Name	Model Type	Algorithm	Altered Defaults
sparse_logistic	classification	LogisticRegression	`C=499999950, tol=1e-08`
gradient_boosting_classifier	classification	GradientBoostingClassifier	`n_estimators=500, max_depth=2`
random_forest_classifier	classification	RandomForestClassifier	`n_estimators=500`
extra_trees_classifier	classification	ExtraTreesClassifier	`n_estimators=500`
sparse_linear_regressor	regression	LinearRegression
sparse_ridge_regressor	regression	Ridge
gradient_boosting_regressor	regression	GradientBoostingRegressor	`n_estimators=500, max_depth=2`
random_forest_regressor	regression	RandomForestRegressor	`n_estimators=500`
extra_trees_regressor	regression	ExtraTreesRegressor	`n_estimators=500`

Custom Models¶

You can create your own Pipeline instead of using one of the pre-defined ones. Create the object and pass it as the model parameter of the ModelPipeline. Your model must be built from libraries which CivisML recognizes. You can use code from

scikit-learn v0.18.1
glmnet v2.0.0
xgboost v0.6a2
muffnn v1.1.1

When you’re assembling your own model, remember that you’ll have to make certain that either you add a missing value imputation step or that your data doesn’t have any missing values. If you’re making a classification model, the model must have a predict_proba method. If the class you’re using doesn’t have a predict_proba method, you can add one by wrapping it in a CalibratedClassifierCV.

Custom Dependencies¶

Installing packages from PyPI is straightforward. You can specify a dependencies argument to ModelPipeline which will install the dependencies in your runtime environment. VCS support is also enabled (see docs.) Installing a remote git repository from, say, Github only requires passing the HTTPS URL in the form of, for example, git+https://github.com/scikit-learn/scikit-learn.

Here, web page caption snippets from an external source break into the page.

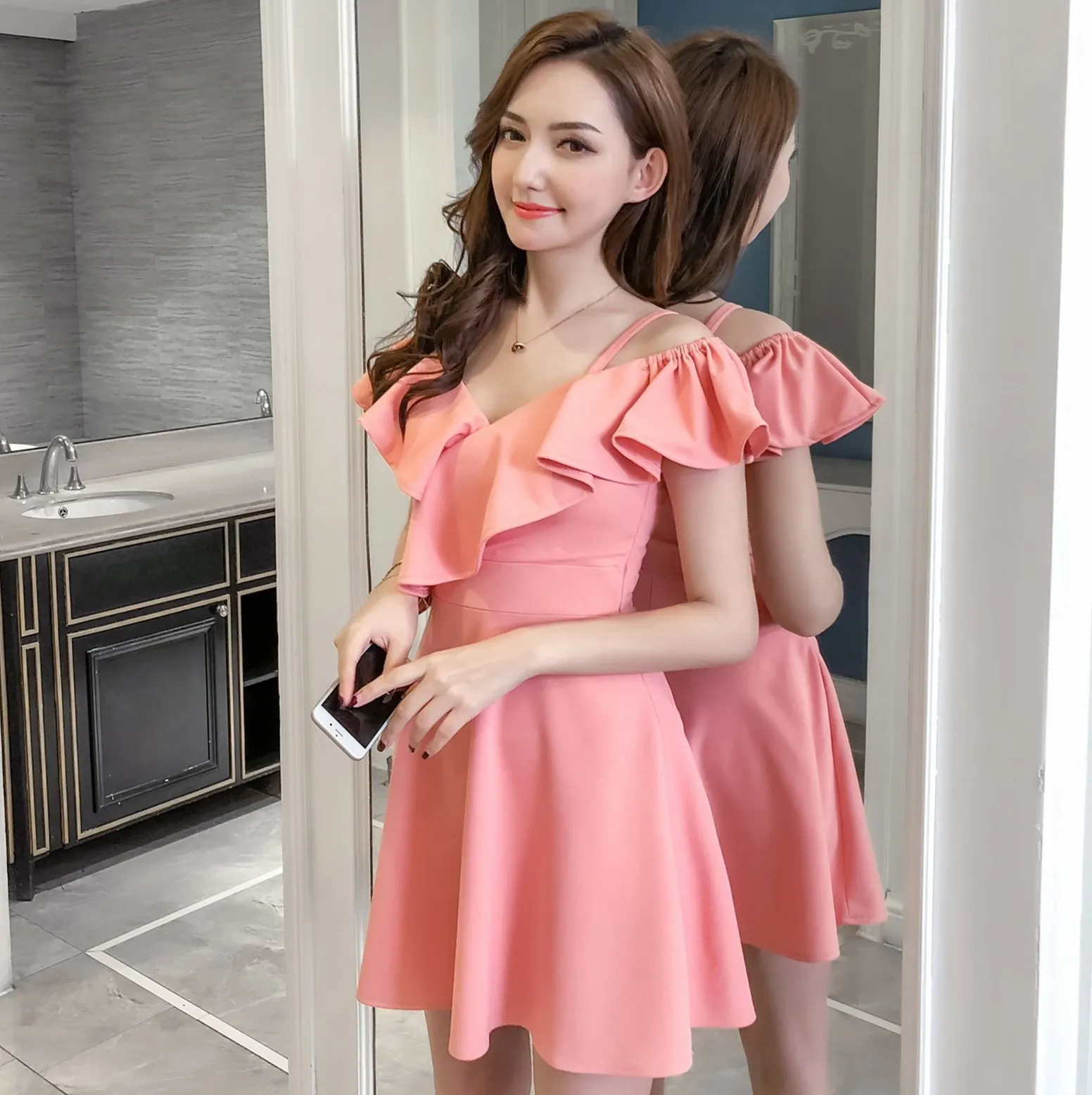 2018 NEW  Arrivals Women Summer 2018 NEW  Off Shoulder  Camisole  Dress  strapless  High waist skirt Mini   Dress Free shipping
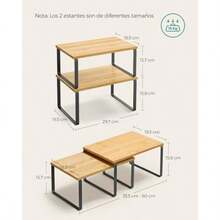 SONGMICS Estante para Especias Juego de 2 Organizador de Armario Especiero de Cocina Extensible Negro y Natural MKCS02NB - Negro natural - Ver 6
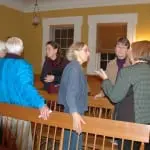 Townâ
Boardâ
Memberâ
Nancyâ
Montgomery,â
centerâ
left,â
andâ
Shirleyâ
Nortonâ
andâ
Lyndaâ
Annâ
Ewen,â
right,â
discussâ
theâ
seniorâ
citizenâ
issueâ
withâ
otherâ
attendeesâ
atâ
theâ
publicâ
hearing.â
Photoâ
byâ
L.S.â
Armstrong
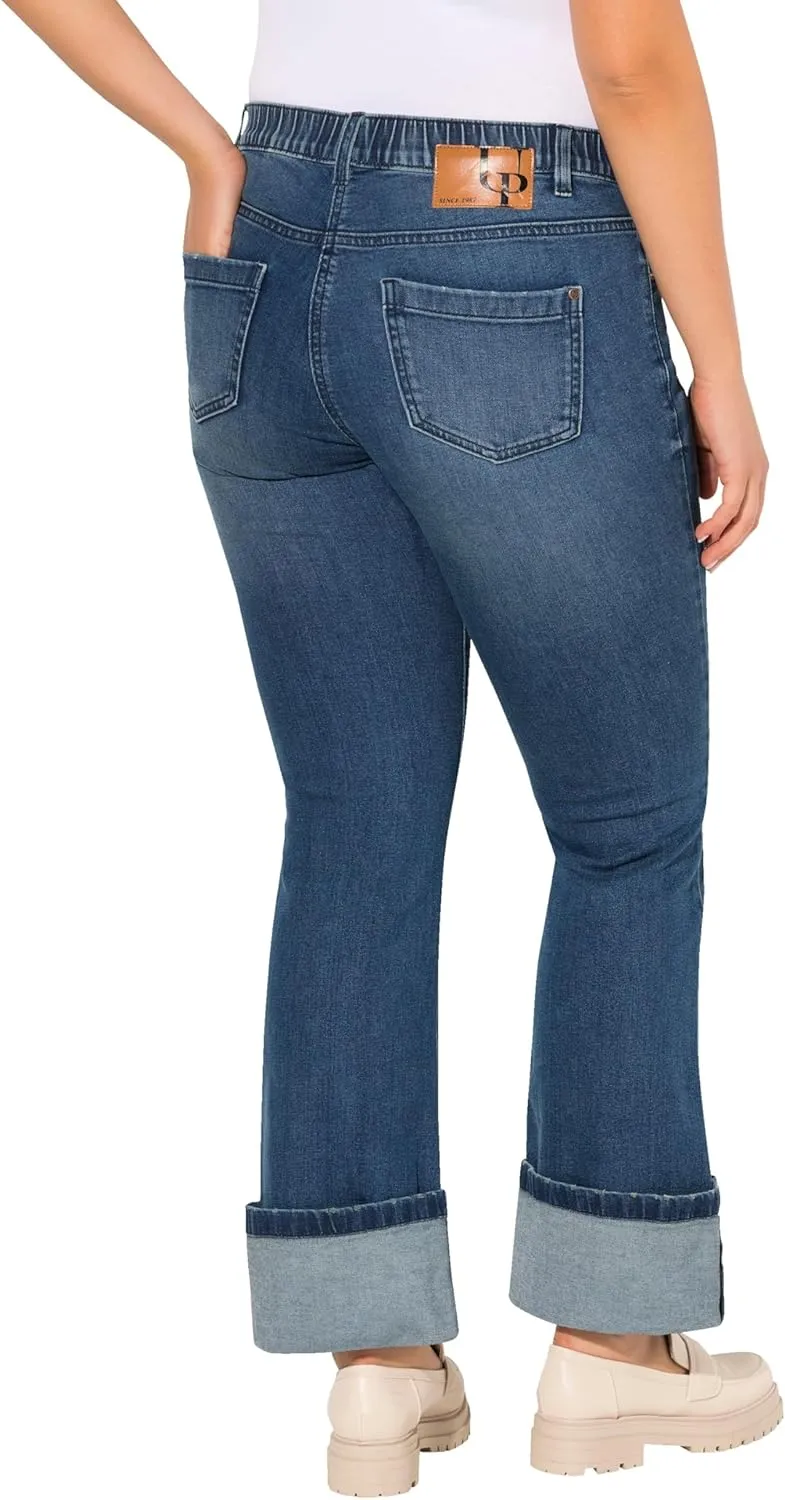 Ulla Popken Womenswear Plus Size Curvy Wide Cuff Stretch Fit Jeans 830245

CivisML will run pip install [your package here]. We strongly encourage you to pin package versions for consistency. Example code looks like:

from civis.ml import ModelPipeline
from pyearth import Earth
deps = ['git+https://github.com/scikit-learn-contrib/py-earth.git@da856e11b2a5d16aba07f51c3c15cef5e40550c7']
est = Earth()
model = ModelPipeline(est, dependent_variable='age', dependencies=deps)
train = model.train(table_name='donors.from_march', database_name='client')

Additionally, you can store a remote git host’s API token in the Civis Platform as a credential to use for installing private git repositores. For example, you can go to Github at the https://github.com/settings/tokens URL, copy your token into the password field of a credential, and pass the credential name to the git_token_name argument in ModelPipeline. This also works with other hosting services. A simple example of how to do this with API looks as follows

import civis
password = 'abc123'  # token copied from https://github.com/settings/tokens
username = 'user123'  # Github username
git_token_name = 'Github credential'

client = civis.APIClient()
credential = client.credentials.post(password=password,
                                     username=username,
                                     name=git_token_name,
                                     type="Custom")

pipeline = civis.ml.ModelPipeline(..., git_token_name=git_token_name)

Note, installing private dependencies with submodules is not supported.

Asynchronous Execution¶

All calls to a ModelPipeline object are non-blocking, i.e. they immediately provide a result without waiting for the job in the Civis Platform to complete. Calls to civis.ml.ModelPipeline.train() and civis.ml.ModelPipeline.predict() return a ModelFuture object, which is a subclass of Future from the Python standard library. This behavior lets you train multiple models at once, or generate predictions from models, while still doing other work while waiting for your jobs to complete.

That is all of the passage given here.